Interim President and Premier Kurmanbek Bakiev Scores of people stormed Kyrgyzstan's Supreme Court building today and ejected a group of some 50 protesters who had occupied the building since April. Police and security agents were present and appear to have done little to prevent the eviction. The police have since secured the building and cleared it of all protesters.

Prague, 1 June 2005 (RFE/RL) -- Early today a crowd of about 300 people surrounded Kyrgyzstan's Supreme Court building in Bishkek. Inside about 50 people were continuing a protest they started in late April.

As law enforcement officers watched, the crowd outside suddenly rushed the building.

Those inside threw Molotov cocktails and stones at the oncoming crowd, to no avail. The crowd entered the building and proceeded to throw the protesters' possessions -- mattresses, clothing, and other objects -- out of the buildings' windows.

One of the protesters inside the building for the past several weeks was Kalychan Umaraliyeva. She said a group of people arrived yesterday outside the Supreme Court building and that protesters inside spoke with them and tried to explain what the purpose of the protest was.

"People appeared yesterday, there were fewer of them yesterday. They had some kind of demands and we [the protesters inside] said 'why have you come here?' None of them said anything. We explained to them what started this situation, why we were sitting here (inside the Supreme Court building), what our goals and interests were. We said we were for justice, we want to have a judicial system that satisfies the needs of the people not the desires of the rich."

Those inside the building were protesting the results of parliamentary elections held in February and March of this year. Their candidates were defeated in those elections or disqualified from running and their appeals were rejected by the courts.

International organizations monitoring the elections criticized the poll as unfair and, soon thereafter, when the second round was held in mid-March a popular revolt spread through Kyrgyzstan that led to the ouster of President Askar Akaev.

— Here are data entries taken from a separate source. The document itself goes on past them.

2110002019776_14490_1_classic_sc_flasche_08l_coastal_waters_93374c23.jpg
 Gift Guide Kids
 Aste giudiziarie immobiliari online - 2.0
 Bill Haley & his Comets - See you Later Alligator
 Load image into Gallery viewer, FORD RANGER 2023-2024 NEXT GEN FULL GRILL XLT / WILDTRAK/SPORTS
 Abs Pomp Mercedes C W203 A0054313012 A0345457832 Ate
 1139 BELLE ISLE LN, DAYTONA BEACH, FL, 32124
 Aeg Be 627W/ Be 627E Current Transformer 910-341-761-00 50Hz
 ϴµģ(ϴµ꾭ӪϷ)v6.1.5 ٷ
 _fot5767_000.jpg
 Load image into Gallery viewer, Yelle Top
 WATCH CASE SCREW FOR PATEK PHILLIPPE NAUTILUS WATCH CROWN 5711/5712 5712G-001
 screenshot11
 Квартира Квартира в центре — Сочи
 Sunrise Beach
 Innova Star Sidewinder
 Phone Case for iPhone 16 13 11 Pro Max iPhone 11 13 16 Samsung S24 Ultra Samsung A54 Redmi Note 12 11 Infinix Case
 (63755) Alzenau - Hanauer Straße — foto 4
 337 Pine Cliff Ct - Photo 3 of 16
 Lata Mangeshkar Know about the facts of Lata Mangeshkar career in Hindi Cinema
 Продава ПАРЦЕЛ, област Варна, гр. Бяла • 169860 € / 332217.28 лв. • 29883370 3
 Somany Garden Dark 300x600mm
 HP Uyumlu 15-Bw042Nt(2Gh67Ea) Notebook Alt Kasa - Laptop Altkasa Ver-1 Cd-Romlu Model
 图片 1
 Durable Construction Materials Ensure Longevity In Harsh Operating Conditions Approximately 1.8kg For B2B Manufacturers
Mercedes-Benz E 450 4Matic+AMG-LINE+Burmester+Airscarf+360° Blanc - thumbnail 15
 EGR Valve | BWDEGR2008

Akaev fled the country but the deputies elected in that unfair poll remained, as did judges appointed during the Akaev administration.

The protestors who occupied the Supreme Court Building had demanded the dismissal of Supreme Court Chairman Kurmanbek Osmonov and all other Akaev-appointed judges.

Osmonov offered his resignation a month ago but quickly said he had rethought that decision and would remain at his post at least until the 10 July presidential elections.

Umaraliyeva said that some of those in the crowd who evicted her and the others from the Supreme Court today are relatives of Osmonov. She also charged that the eviction had the support of top officials in the new government that replaced Akaev and is headed by acting President and Prime Minister Kurmanbek Bakiev.

"It's clear that Kurmanbek Ergeshavich [Osmonov] is not alone here, that there are certain forces backing him who are in the government, who are sitting in the [Kyrgyz] White House, and it's obvious that they organized [today's storming of the building]."